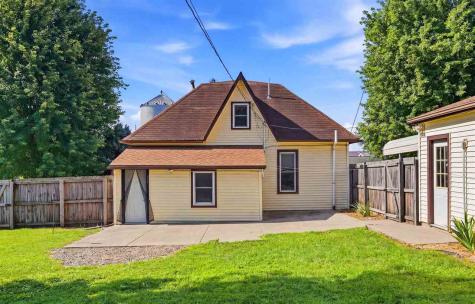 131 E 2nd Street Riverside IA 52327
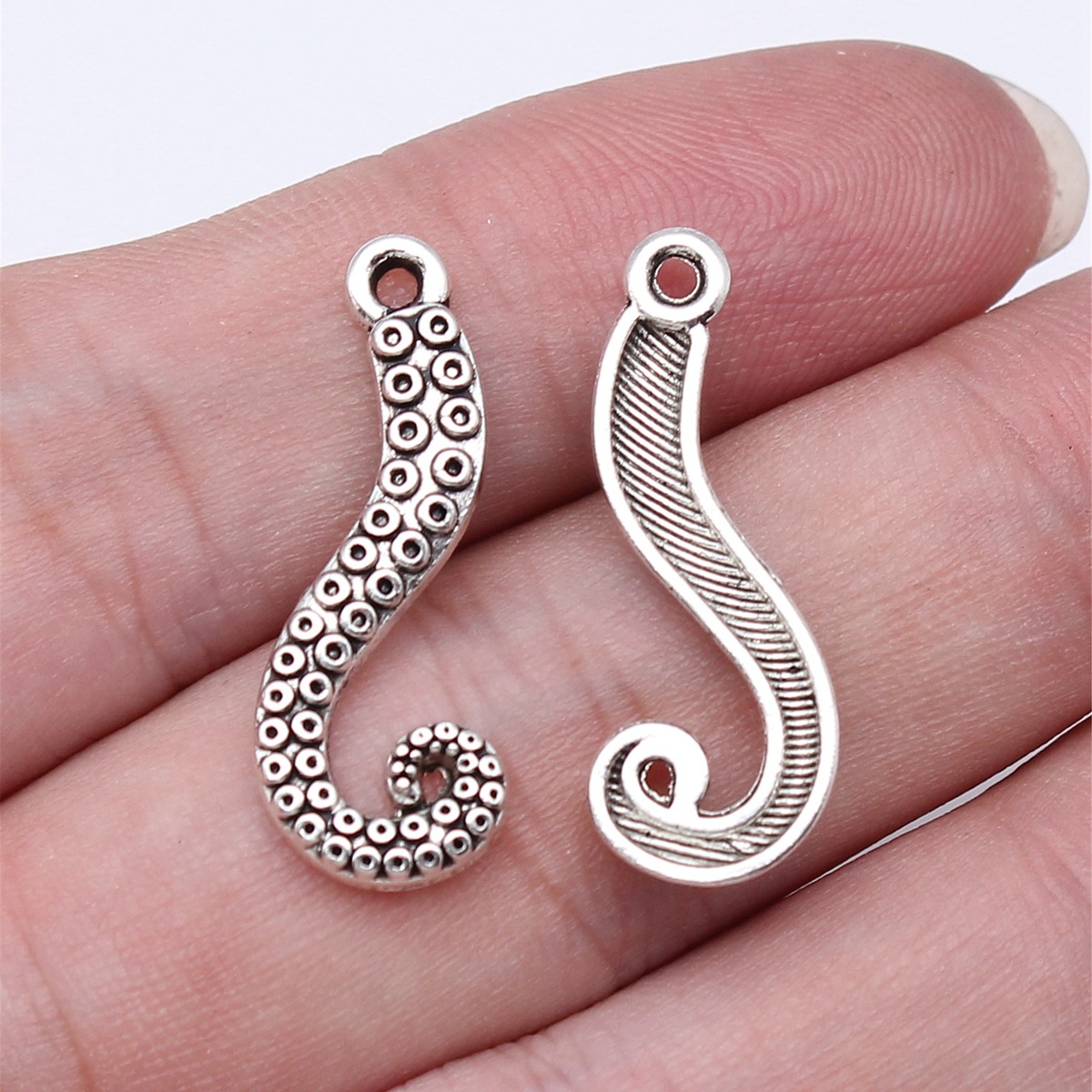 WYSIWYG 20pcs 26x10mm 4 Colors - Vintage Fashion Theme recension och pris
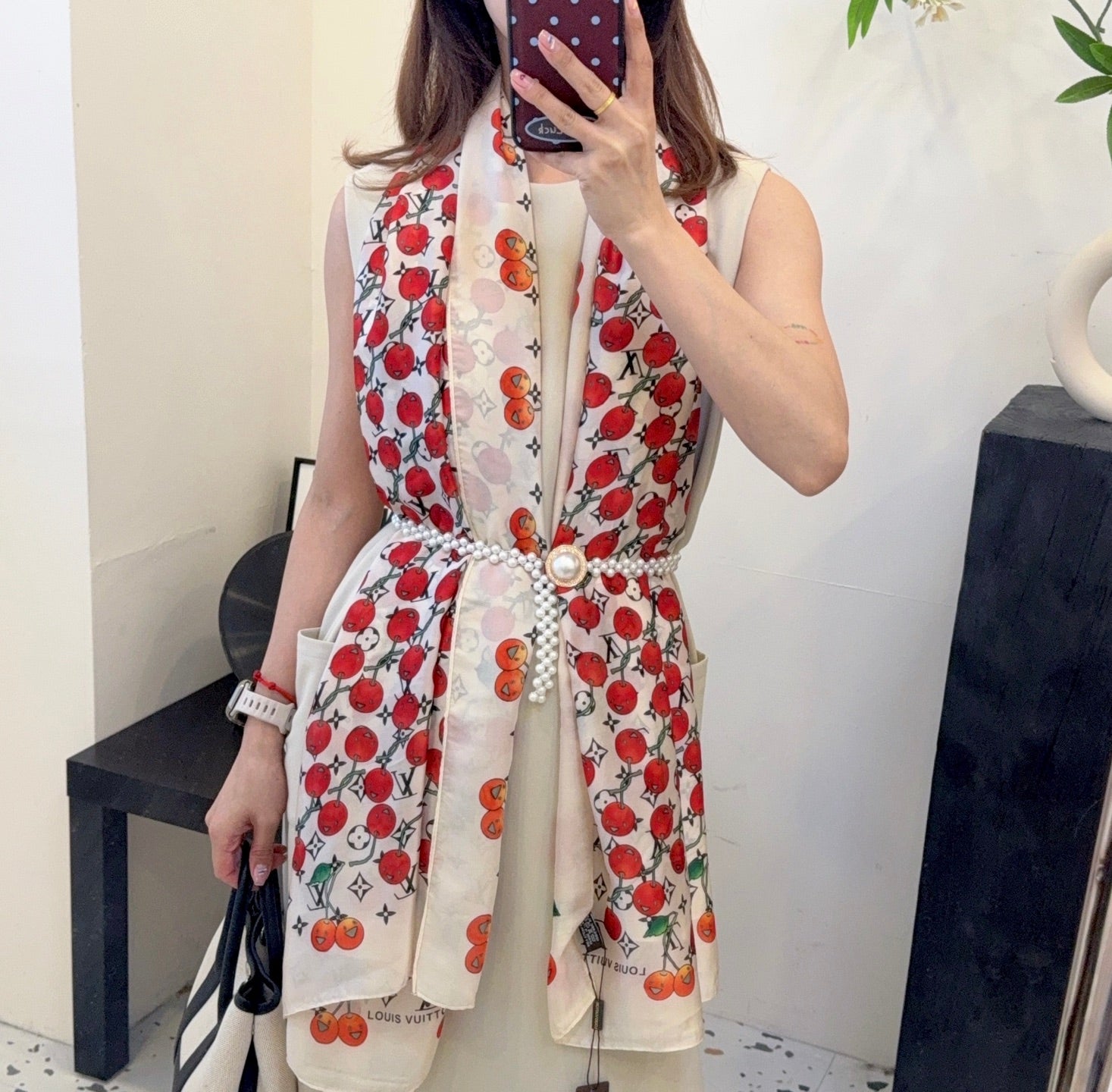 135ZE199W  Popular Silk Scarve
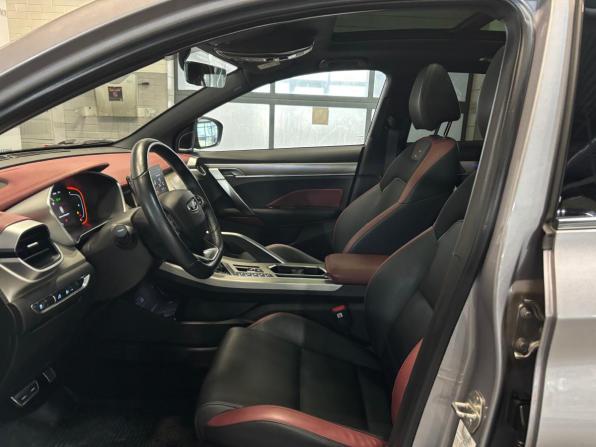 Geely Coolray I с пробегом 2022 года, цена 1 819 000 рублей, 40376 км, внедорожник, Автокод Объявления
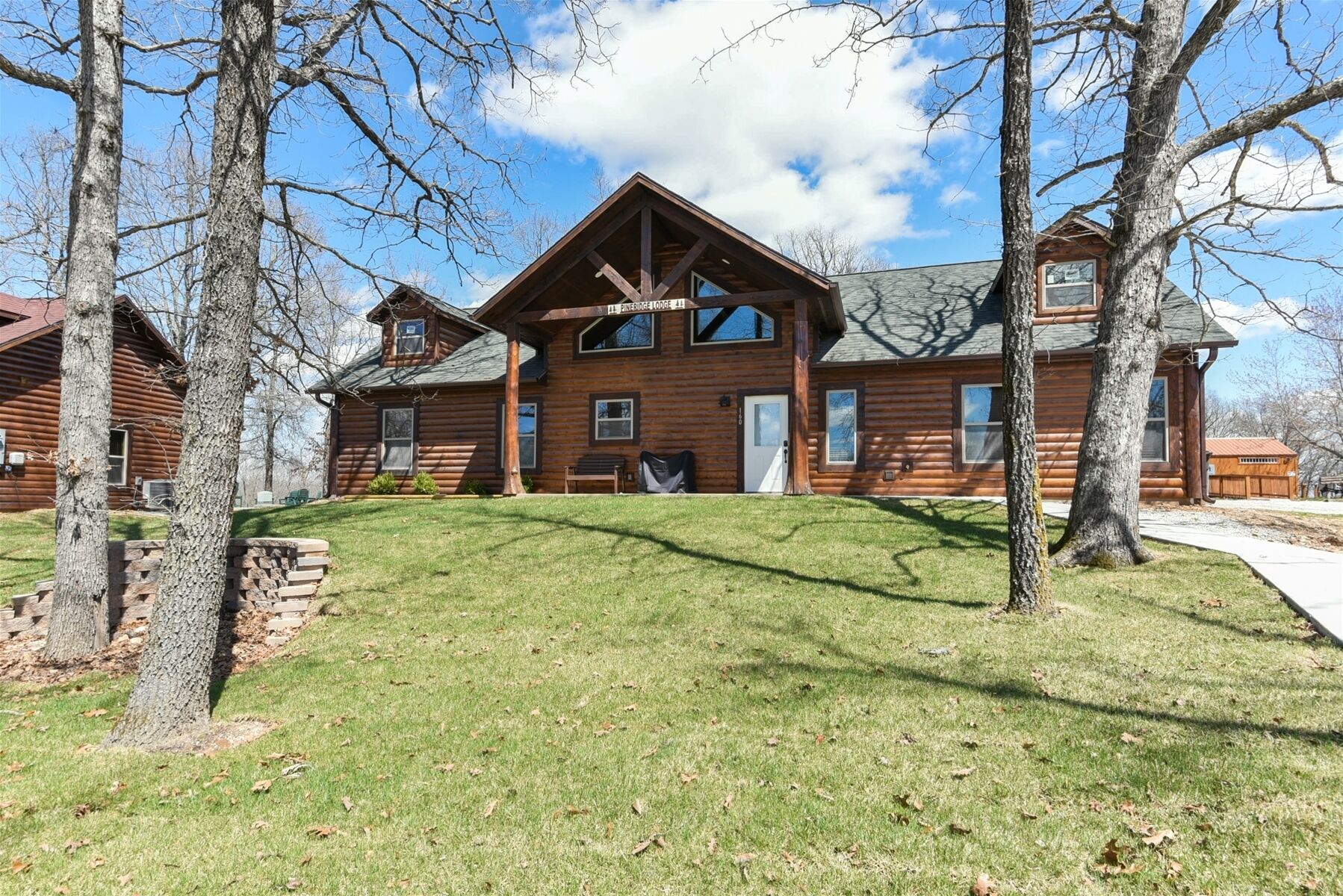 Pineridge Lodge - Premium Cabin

WHAT IS BEING ASKED: What the answer needs is every line from the one with "Geely Coolray I" through the last line of the data, reproduced word for word and with pictures omitted.

SOLVED EXERCISE:
 Geely Coolray I с пробегом 2022 года, цена 1 819 000 рублей, 40376 км, внедорожник, Автокод Объявления
 Pineridge Lodge - Premium Cabin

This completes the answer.